Leave several feet of line and then tie a swivel on the end of the line. The swivel prevents line twist. To that attach a Little Cleo as your “dropper weight”.

Simply look for schools of fish in deep water on your locator, and jig for the whitefish and trout that school together. They typically do not have a preference for one over the other and sometimes you get a double!

There are also hooks made specifically for drop shotting as well. In fact, I suppose you could probably tie a third hook on to the line.

Give it a try…you will be glad you did. I may try a similar rig this year for walleyes with a lead jig on the bottom instead of the cleo.

Lake Trout fishing on Eagle Lake

10 thoughts on “Lake Trout Fishing “The Lewie Rig”

  1. Good bit of info there Andy and now you have given me an idea for something to try next year.
    Little adjustment here and there but I think I might be able to increase my odds or make more of a mess.

  2. Good post Andy, if you happen to be near a tackle shop that sells those jigs I would appreciate getting a few packs!

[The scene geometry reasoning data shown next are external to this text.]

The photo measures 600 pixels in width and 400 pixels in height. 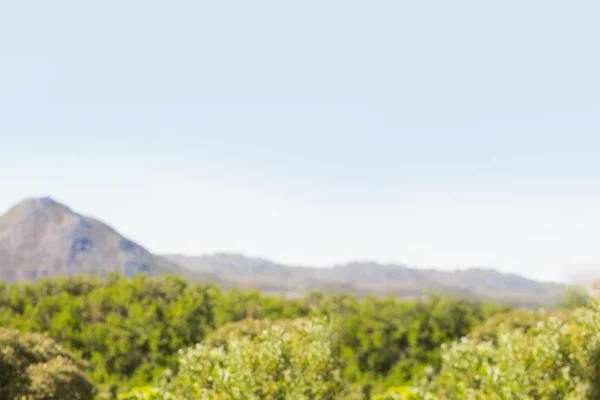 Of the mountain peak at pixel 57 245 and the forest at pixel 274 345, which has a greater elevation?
the mountain peak at pixel 57 245

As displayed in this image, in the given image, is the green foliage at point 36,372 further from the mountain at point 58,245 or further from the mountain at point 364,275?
the mountain at point 58,245

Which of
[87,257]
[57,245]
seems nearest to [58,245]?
[57,245]

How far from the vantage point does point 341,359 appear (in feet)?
49.7

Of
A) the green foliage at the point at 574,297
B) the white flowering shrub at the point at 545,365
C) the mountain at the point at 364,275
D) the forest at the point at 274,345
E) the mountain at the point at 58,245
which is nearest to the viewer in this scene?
the forest at the point at 274,345

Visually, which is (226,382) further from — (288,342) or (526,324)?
(526,324)

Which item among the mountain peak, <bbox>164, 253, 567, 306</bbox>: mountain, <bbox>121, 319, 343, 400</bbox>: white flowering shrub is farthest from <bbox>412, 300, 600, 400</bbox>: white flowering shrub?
the mountain peak

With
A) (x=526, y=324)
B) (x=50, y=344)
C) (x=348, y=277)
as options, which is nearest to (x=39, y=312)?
(x=50, y=344)

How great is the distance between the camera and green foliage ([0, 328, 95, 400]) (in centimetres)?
1001

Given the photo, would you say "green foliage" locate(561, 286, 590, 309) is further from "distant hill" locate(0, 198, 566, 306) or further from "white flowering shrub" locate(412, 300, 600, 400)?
"distant hill" locate(0, 198, 566, 306)

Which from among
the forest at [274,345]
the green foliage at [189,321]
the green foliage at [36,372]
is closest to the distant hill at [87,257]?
the green foliage at [189,321]

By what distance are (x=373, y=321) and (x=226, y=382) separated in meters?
5.76

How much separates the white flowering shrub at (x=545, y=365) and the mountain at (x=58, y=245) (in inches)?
1785

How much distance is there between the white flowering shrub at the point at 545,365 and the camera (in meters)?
11.5

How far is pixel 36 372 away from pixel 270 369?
330cm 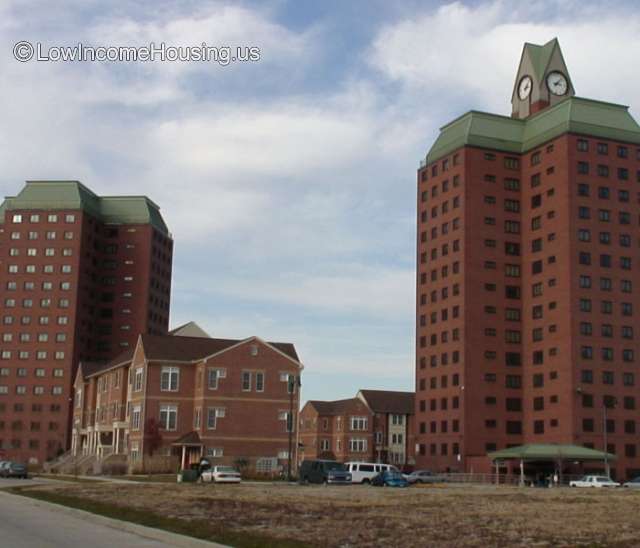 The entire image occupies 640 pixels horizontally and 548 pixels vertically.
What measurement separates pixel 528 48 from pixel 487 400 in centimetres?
5730

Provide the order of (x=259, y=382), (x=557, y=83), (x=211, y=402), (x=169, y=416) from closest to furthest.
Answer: (x=211, y=402) → (x=169, y=416) → (x=259, y=382) → (x=557, y=83)

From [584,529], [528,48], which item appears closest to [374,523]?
[584,529]

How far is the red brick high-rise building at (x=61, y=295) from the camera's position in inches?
6678

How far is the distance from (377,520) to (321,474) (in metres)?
42.9

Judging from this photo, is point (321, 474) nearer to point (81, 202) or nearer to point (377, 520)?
point (377, 520)

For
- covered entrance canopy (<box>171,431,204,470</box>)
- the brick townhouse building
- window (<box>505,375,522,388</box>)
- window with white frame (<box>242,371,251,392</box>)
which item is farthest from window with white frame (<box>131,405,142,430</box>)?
window (<box>505,375,522,388</box>)

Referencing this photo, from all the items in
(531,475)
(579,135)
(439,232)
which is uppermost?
(579,135)

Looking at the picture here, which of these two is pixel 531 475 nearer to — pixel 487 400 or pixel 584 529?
pixel 487 400

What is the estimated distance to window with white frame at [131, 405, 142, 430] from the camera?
93188mm

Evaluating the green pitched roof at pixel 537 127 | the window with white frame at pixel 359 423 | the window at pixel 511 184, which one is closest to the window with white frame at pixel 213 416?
the green pitched roof at pixel 537 127

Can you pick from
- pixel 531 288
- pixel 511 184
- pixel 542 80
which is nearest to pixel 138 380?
pixel 531 288

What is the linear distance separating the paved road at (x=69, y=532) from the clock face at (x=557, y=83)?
4920 inches

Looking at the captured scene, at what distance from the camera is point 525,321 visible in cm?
13100

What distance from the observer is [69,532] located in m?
25.2
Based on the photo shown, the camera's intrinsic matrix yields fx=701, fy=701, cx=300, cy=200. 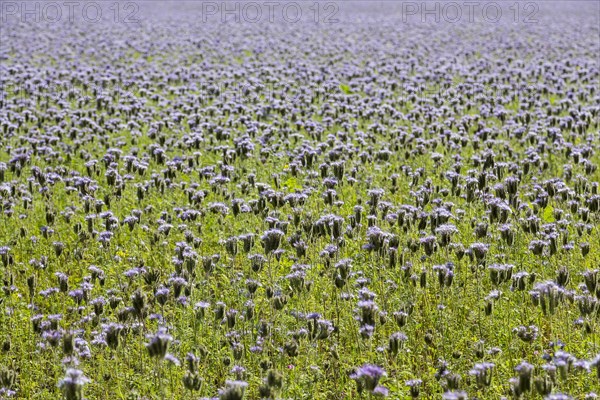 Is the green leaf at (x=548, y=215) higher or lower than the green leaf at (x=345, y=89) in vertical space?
lower

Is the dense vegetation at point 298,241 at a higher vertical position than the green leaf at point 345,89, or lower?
lower

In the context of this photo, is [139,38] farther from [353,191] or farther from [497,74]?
[353,191]

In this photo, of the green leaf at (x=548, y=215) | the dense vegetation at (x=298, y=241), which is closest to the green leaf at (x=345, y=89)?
the dense vegetation at (x=298, y=241)

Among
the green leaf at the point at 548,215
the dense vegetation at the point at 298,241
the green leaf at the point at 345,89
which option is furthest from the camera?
the green leaf at the point at 345,89

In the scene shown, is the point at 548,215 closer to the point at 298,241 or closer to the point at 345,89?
the point at 298,241

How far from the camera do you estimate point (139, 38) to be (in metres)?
26.6

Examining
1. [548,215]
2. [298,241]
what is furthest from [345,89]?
[298,241]

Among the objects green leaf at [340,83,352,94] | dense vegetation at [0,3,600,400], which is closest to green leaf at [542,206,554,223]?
dense vegetation at [0,3,600,400]

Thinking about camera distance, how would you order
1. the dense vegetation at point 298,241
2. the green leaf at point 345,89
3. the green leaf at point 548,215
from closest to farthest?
the dense vegetation at point 298,241 → the green leaf at point 548,215 → the green leaf at point 345,89

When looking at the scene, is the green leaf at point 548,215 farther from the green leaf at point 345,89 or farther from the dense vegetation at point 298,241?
the green leaf at point 345,89

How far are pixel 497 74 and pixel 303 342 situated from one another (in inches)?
532

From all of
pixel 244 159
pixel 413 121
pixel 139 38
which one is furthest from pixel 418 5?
pixel 244 159

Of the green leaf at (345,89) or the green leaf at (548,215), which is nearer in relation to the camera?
the green leaf at (548,215)

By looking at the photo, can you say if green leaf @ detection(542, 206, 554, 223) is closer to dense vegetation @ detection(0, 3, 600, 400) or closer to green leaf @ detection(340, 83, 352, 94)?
dense vegetation @ detection(0, 3, 600, 400) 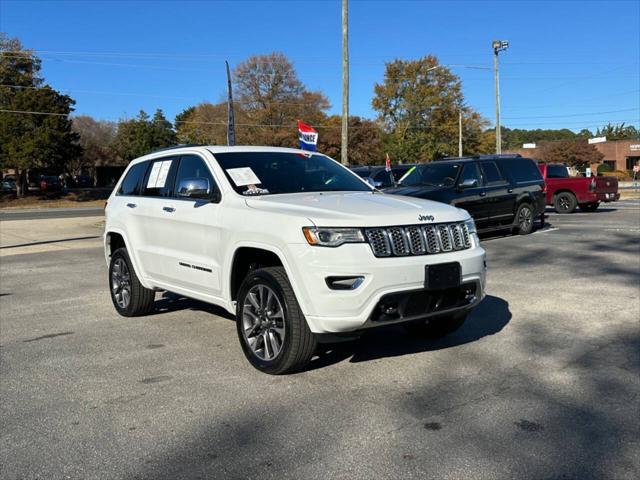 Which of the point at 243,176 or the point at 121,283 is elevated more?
the point at 243,176

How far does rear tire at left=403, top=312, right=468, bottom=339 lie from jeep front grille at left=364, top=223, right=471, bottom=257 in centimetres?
81

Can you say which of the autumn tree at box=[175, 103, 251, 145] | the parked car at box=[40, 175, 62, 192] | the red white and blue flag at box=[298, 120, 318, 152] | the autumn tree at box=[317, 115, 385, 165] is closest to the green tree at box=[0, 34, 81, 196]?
the parked car at box=[40, 175, 62, 192]

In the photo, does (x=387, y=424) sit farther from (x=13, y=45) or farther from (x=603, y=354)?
(x=13, y=45)

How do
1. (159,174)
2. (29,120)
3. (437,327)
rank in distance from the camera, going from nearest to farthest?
1. (437,327)
2. (159,174)
3. (29,120)

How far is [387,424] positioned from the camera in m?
3.77

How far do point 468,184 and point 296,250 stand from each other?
28.4 feet

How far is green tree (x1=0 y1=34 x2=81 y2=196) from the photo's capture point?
4216cm

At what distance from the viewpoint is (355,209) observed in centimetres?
454

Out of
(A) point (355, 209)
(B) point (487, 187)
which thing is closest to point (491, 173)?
(B) point (487, 187)

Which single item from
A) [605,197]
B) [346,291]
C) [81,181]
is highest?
[81,181]

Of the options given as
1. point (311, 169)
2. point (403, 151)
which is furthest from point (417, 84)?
point (311, 169)

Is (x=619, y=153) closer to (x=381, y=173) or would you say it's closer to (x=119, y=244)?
(x=381, y=173)

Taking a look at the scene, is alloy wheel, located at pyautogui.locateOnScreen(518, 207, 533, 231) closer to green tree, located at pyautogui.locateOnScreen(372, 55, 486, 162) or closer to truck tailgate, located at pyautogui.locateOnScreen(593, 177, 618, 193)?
truck tailgate, located at pyautogui.locateOnScreen(593, 177, 618, 193)

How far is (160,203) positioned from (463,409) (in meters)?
3.63
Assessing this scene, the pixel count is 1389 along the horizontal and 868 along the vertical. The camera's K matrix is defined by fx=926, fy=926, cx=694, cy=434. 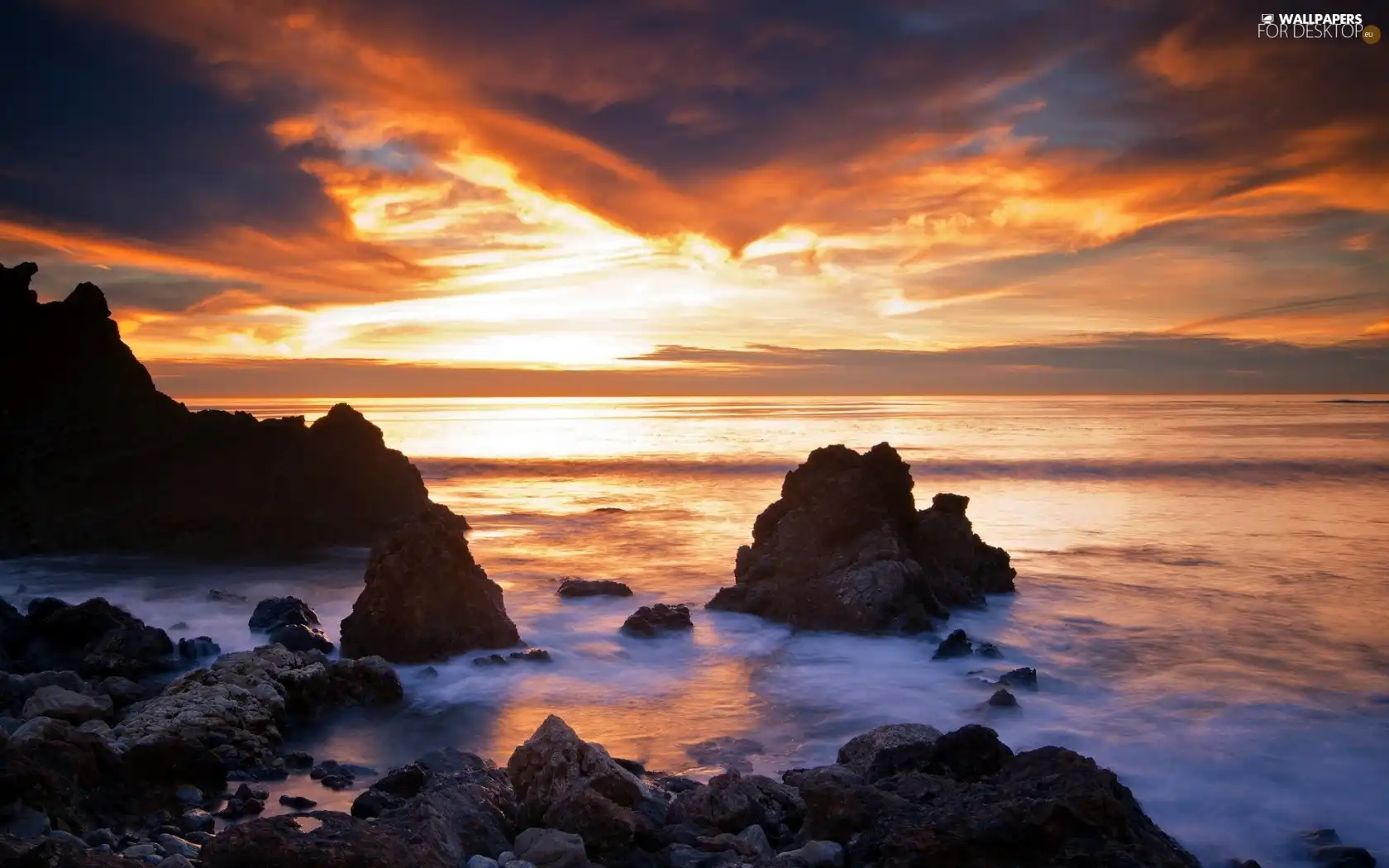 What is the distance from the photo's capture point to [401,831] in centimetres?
608

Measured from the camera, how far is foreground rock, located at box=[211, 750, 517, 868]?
531 cm

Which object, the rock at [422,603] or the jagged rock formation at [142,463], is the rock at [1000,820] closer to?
the rock at [422,603]

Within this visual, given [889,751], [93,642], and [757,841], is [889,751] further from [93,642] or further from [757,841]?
[93,642]

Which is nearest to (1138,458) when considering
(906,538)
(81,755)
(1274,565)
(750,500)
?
(750,500)

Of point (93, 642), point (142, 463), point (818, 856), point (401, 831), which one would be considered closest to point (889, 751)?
point (818, 856)

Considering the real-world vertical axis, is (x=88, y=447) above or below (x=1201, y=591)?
above

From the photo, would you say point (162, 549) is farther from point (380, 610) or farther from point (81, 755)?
point (81, 755)

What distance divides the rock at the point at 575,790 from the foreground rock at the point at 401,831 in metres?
0.19

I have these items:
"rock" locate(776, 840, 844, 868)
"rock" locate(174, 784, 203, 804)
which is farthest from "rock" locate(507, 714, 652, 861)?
"rock" locate(174, 784, 203, 804)

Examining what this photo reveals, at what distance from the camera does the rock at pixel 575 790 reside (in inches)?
272

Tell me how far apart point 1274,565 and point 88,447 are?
95.9 ft

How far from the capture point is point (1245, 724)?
37.5ft

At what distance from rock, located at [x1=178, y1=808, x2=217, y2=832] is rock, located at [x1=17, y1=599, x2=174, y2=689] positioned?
17.6 ft

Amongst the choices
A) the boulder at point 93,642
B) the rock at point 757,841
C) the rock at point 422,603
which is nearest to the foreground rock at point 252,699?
the rock at point 422,603
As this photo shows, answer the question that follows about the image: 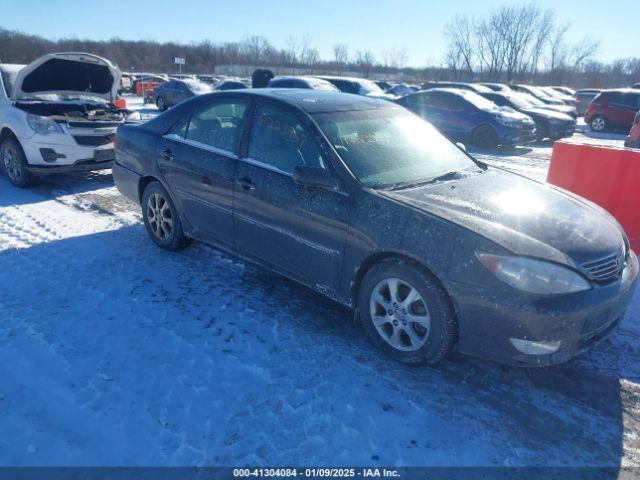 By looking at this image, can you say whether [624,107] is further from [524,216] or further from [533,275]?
[533,275]

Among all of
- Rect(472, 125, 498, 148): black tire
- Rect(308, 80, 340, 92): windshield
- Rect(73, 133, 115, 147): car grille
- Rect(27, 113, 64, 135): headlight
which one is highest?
Rect(308, 80, 340, 92): windshield

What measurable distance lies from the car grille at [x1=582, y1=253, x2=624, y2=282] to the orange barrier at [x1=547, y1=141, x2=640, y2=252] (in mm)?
2777

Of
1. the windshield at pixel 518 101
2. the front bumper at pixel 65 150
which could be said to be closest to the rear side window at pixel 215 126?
the front bumper at pixel 65 150

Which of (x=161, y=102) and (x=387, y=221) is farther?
(x=161, y=102)

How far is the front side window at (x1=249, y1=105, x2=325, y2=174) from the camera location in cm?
343

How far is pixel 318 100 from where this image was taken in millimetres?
3906

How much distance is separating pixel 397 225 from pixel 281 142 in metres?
1.24

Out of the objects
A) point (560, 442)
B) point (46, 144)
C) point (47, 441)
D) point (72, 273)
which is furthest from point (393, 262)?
point (46, 144)

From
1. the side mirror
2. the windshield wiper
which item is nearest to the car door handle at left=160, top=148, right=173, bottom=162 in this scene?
the side mirror

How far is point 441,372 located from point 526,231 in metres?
1.06

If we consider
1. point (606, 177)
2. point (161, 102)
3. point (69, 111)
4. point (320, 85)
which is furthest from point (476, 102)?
point (161, 102)

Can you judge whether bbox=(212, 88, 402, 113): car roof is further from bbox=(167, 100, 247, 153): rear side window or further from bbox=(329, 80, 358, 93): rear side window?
bbox=(329, 80, 358, 93): rear side window

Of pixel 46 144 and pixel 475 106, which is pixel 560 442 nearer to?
pixel 46 144

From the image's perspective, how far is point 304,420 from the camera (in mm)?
2570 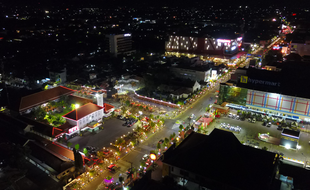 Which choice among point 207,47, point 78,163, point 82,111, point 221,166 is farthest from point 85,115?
point 207,47

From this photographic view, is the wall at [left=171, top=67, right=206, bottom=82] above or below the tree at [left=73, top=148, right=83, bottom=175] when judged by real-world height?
above

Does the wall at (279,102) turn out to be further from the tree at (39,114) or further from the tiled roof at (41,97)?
the tree at (39,114)

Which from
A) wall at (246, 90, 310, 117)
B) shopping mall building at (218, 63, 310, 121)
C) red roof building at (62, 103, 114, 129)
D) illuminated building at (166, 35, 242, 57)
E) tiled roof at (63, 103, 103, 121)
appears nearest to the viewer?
red roof building at (62, 103, 114, 129)

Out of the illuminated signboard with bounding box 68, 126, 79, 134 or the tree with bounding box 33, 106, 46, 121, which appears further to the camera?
the tree with bounding box 33, 106, 46, 121

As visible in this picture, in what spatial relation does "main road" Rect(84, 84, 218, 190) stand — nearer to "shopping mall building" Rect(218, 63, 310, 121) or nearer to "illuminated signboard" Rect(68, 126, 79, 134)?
"shopping mall building" Rect(218, 63, 310, 121)

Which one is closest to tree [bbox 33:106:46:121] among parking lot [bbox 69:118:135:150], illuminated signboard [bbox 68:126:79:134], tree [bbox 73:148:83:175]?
illuminated signboard [bbox 68:126:79:134]

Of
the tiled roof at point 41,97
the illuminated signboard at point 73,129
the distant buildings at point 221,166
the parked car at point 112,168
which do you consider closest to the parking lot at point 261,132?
the distant buildings at point 221,166

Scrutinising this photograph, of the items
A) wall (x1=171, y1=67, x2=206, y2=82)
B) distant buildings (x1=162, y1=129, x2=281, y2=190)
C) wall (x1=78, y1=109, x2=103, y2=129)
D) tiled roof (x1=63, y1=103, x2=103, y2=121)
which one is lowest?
wall (x1=78, y1=109, x2=103, y2=129)

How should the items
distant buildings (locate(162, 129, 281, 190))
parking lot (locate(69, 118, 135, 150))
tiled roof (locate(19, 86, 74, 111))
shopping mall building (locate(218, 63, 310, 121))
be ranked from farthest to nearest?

    Perchmaster……drop shot rigs for perch? Scary!

  3. Gord,

    Cabelas has some dropshot jigs on clearance right now but they are not the ones I like. In fact they don’t sell the ones I like any more. I just found a guy on ebay selling lots of 6. Just search by dropshot jigs. They were always expensive…about what this guy is selling them for.

  4. I’m looking forward to seeing a wee video clip of this in action. How would you tie the lines together? And wouldn’t they get tangled up and snagged more often?

  5. Andy…Where are you going to have your nails done? They are really nice.

    Doug…I’ve been using Andy’s “Lewie Rig” for the past few years and it consistently produces a nice combo of whitefish and lakers when used as a jigging system. We usually use 10# FireLine tied to a 3-4 foot section of 10#fluorocarbon leader material. Back-to-back Uni Knots connect the two. The jig is tied about 24 inches up from the tag end. This requires careful attention due to the amount of line you are knotting. An Improved Clinch Knot works for me and holds the jig securely. The only other knot is for tying a swivel to the tag end, then attaching the Little Cleo.

    A 3/4 oz. Cleo falls quickly without snarling the jig. However, you have to be careful about snagging the Cleo on rocks. Most of my bites come with the baits close to the bottom. As soon as the Cleo hits bottom, I close the bail and lift up, sometimes several feet, and then drop the Cleo back down. Then up again. The fish are often scattered in the water column. A fast retrieve to the surface will sometimes result in a vicious laker strike close to the boat.

    This system works best when jigged perfectly vertically. Good boat control is a must in order to jig vertically. In windy conditions, a 3/4 oz. Cleo will be too light. That’s when I go heavier–up to a 2 oz. jigging spoon in order to stay vertical.

    One last note of relevance. You can catch a lot of fish using this presentation. Andy and I usually pinch down the hook barbs to allow for an easy release of these pretty fish.

  6. Thank you for the details Professor. Oh, by the way that’s not actually Andy’s hand….it is really his foot. It is quite marvelous watching him reel in a big trout using only his legs and feet……..the “Lewis Method”.

  7. Professor, Gord has a very keen eye for well groomed toes. You should know that if I was going to have a manicure done, it wouldn’t be done by Gord. We learned that lesson in “Operation Rubber Glove”. See:

    Manicures are best handled by the ladies. They should be called ladycures. Pedicures are a whole lot different. When you count on the toes to do multi-tasking you need Gord to whip out the grinder and baby lotion. While the Professor stumbles around with his artificial limb, I can be fishing with my hands, and tying knots with my well groomed toes. It comes in quite handy. It was the inspiration behind the Lewie rig. If I could multi-task with my hands and feet, why not do the same with my lures?